В этот момент с главной аллеи по направлению к автобусу свернул черный «Лексус». Остановился подле катафалка и Жениной «Белки». Из «Лексуса» вылез Олег Петрович Дубов собственной персоной.
Охранники «Глобуса» вытащили из автобуса гроб, установили его на козлы. Могильщики целомудренно отошли. Старшой над гробовщиками, безошибочно определив в Дубове главного, буркнул ему: «Прощайтесь».
Родственники и коллеги кольцом окружили гроб. Женя издалека видела изжелта-бледное, бородатое, безжизненное лицо Бритвина в гробу. Мелкие снежинки, ложившиеся на его лоб, не таяли.
Первым слово взял Дубов.
– Господа, – тихо сказал он, – сегодня мы провожаем в последний путь нашего коллегу, нашего друга…

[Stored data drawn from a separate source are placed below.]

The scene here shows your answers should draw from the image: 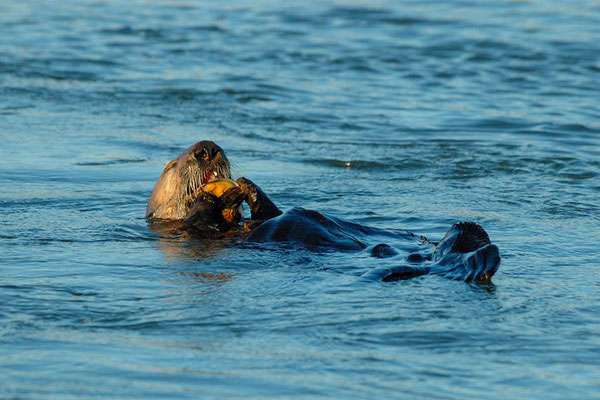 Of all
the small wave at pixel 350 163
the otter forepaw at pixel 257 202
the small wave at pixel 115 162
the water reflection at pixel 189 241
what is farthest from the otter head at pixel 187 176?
the small wave at pixel 350 163

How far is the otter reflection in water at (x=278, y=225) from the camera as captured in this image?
4.80 meters

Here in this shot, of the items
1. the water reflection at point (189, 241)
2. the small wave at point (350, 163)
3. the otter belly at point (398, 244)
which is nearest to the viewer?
the otter belly at point (398, 244)

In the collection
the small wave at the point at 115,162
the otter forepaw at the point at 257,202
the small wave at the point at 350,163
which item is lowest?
the small wave at the point at 350,163

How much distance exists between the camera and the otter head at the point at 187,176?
5930mm

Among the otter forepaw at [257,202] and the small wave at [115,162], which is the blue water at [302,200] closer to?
the small wave at [115,162]

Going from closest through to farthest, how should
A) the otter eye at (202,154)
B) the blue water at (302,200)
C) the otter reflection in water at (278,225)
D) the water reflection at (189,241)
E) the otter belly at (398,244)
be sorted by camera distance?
1. the blue water at (302,200)
2. the otter belly at (398,244)
3. the otter reflection in water at (278,225)
4. the water reflection at (189,241)
5. the otter eye at (202,154)

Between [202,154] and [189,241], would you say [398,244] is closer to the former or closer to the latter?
[189,241]

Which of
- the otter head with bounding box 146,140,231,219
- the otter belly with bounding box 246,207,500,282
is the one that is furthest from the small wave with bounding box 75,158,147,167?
the otter belly with bounding box 246,207,500,282

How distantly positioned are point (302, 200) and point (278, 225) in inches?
67.6

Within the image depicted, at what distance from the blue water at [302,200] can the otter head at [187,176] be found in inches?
8.7

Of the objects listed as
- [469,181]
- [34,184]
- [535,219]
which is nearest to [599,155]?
[469,181]

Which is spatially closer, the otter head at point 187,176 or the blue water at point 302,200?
the blue water at point 302,200

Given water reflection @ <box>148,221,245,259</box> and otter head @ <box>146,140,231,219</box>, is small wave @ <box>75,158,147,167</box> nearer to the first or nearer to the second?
otter head @ <box>146,140,231,219</box>

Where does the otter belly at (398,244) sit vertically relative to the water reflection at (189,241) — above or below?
above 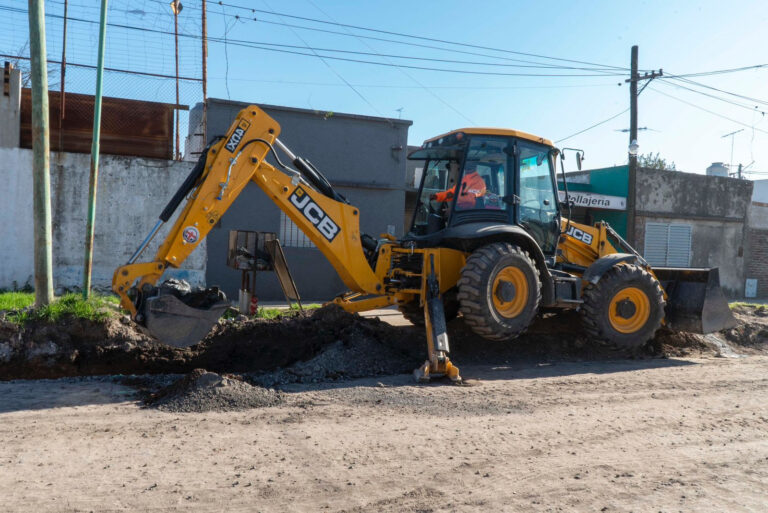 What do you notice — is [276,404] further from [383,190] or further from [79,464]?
[383,190]

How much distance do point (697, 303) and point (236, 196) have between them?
6784 millimetres

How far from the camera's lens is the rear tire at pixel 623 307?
27.1 ft

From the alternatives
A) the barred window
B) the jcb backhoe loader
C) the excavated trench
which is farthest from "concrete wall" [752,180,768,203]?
the excavated trench

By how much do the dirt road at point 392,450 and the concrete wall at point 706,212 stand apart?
14486 millimetres

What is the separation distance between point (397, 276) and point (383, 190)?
7.71 meters

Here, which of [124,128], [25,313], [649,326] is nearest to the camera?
[25,313]

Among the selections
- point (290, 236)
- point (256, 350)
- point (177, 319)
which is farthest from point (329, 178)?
point (177, 319)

Женя старалась не слушать его, только смотрела, как крошечные снежинки падали на безупречный пробор Дубова, одетого в строго-черный костюм. Снежинки на его непокрытой голове походили на перхоть из рекламы.

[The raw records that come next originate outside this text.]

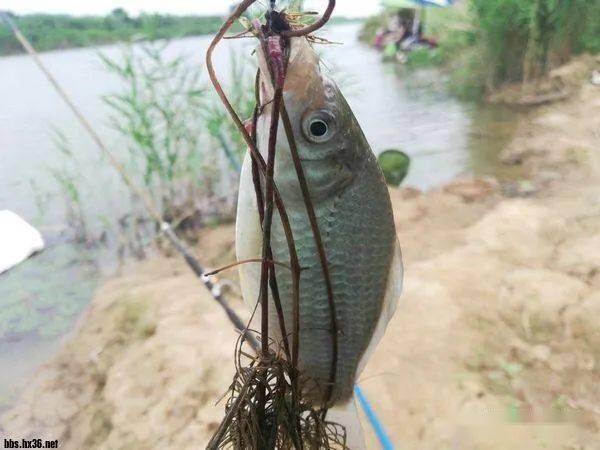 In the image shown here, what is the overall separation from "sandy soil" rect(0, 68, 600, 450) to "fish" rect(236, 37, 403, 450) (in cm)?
119

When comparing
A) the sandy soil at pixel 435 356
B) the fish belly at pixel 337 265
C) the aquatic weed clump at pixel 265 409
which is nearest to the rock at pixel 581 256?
the sandy soil at pixel 435 356

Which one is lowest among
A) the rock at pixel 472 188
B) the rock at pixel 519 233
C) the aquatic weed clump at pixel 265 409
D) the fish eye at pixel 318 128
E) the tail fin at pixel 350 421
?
the rock at pixel 472 188

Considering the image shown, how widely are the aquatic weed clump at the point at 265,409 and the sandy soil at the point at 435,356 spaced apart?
1.25 metres

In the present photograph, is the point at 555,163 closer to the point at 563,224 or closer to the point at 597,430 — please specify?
the point at 563,224

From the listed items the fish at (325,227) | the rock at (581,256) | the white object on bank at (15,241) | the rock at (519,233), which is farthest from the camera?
the white object on bank at (15,241)

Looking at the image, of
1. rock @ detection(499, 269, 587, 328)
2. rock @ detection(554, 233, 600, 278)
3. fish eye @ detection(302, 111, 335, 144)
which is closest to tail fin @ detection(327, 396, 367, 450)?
fish eye @ detection(302, 111, 335, 144)

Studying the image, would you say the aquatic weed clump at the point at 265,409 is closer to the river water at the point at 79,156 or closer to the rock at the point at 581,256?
the river water at the point at 79,156

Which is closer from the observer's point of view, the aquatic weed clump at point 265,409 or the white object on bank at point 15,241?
the aquatic weed clump at point 265,409

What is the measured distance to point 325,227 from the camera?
4.00 ft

Женю подташнивало. «Неужели, – думала она, – это он, Дубов, отдал приказ об убийстве Бритвина? А теперь вот – хладнокровно распинается над его могилой? Неужели такое возможно?»
Подобное лицемерие было поразительным для нее. Несмотря на все то, что с ней случилось в К., несмотря на то, что она уже давно жила в жестокой и циничной столице, Марченко до сих пор верила в людей и не могла привыкнуть к кривде и фальши…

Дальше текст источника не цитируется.